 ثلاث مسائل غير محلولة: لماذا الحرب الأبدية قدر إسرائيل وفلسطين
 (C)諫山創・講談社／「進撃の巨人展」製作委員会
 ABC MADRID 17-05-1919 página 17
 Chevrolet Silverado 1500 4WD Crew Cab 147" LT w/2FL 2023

---

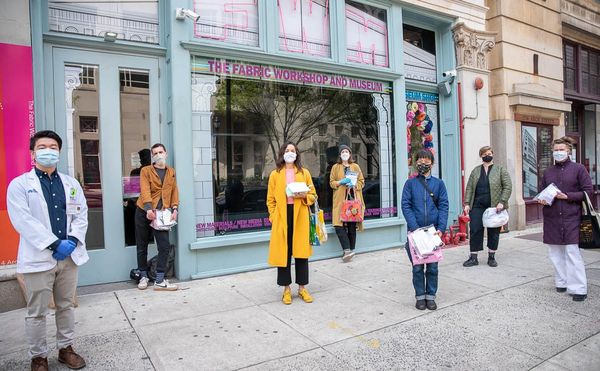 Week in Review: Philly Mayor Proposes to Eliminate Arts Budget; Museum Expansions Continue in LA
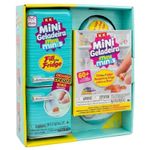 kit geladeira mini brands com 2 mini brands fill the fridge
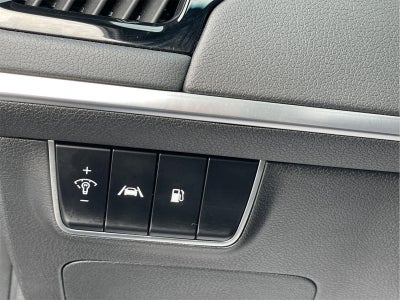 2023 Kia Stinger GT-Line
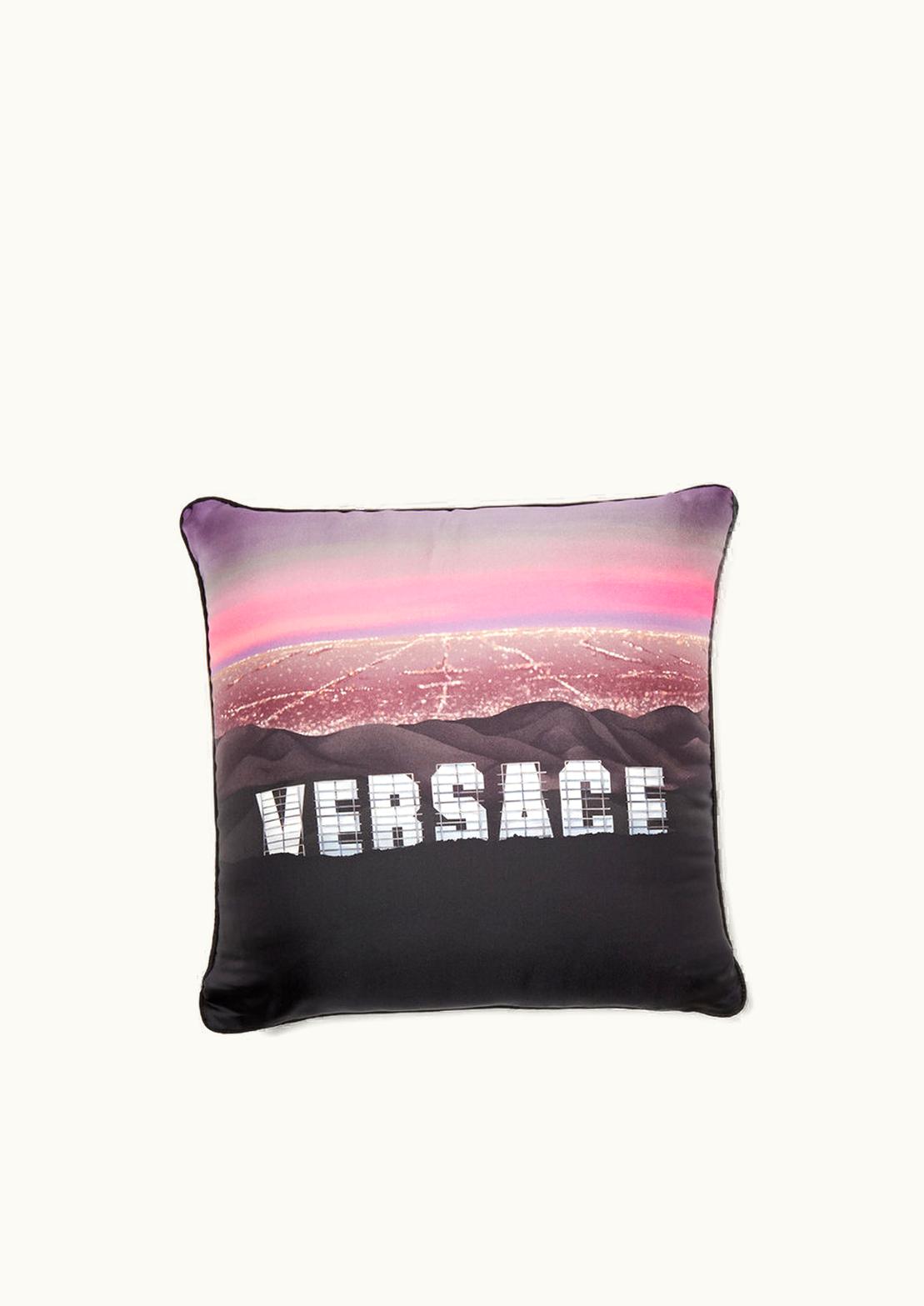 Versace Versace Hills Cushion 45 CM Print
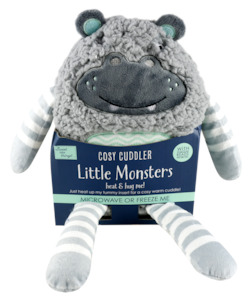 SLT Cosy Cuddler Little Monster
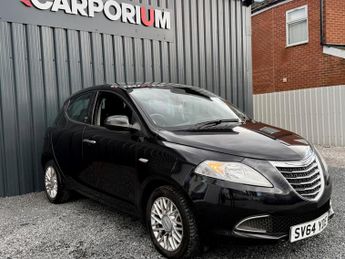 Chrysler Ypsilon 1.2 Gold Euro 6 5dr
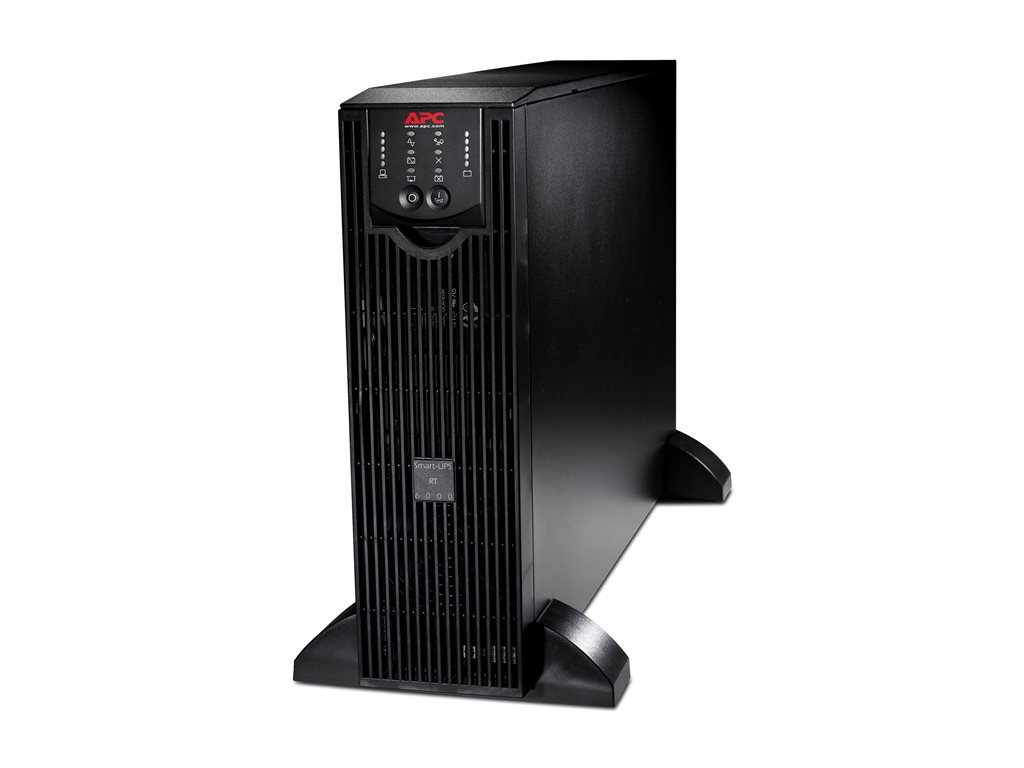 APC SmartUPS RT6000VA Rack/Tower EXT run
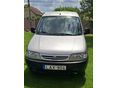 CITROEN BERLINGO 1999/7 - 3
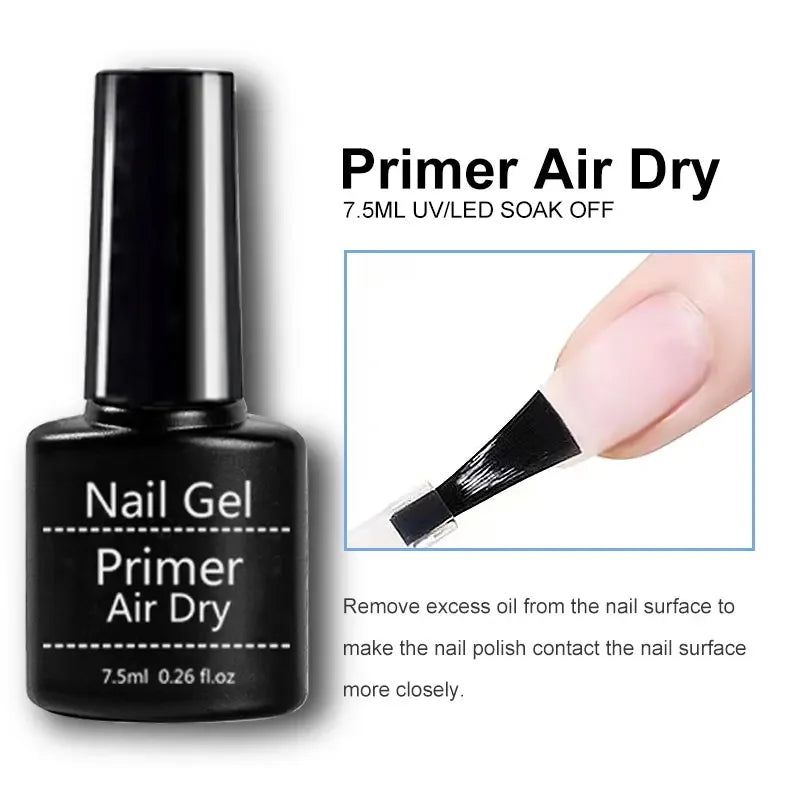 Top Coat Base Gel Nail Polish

__What you have to do__: When copying from the data above, begin at the line containing "CITROEN BERLINGO 1999/7 - 3" and end at the line containing "Top Coat Base Gel Nail Polish"; return those lines exactly and leave all pictures behind.

__Exercise response__:
 CITROEN BERLINGO 1999/7 - 3
 Top Coat Base Gel Nail Polish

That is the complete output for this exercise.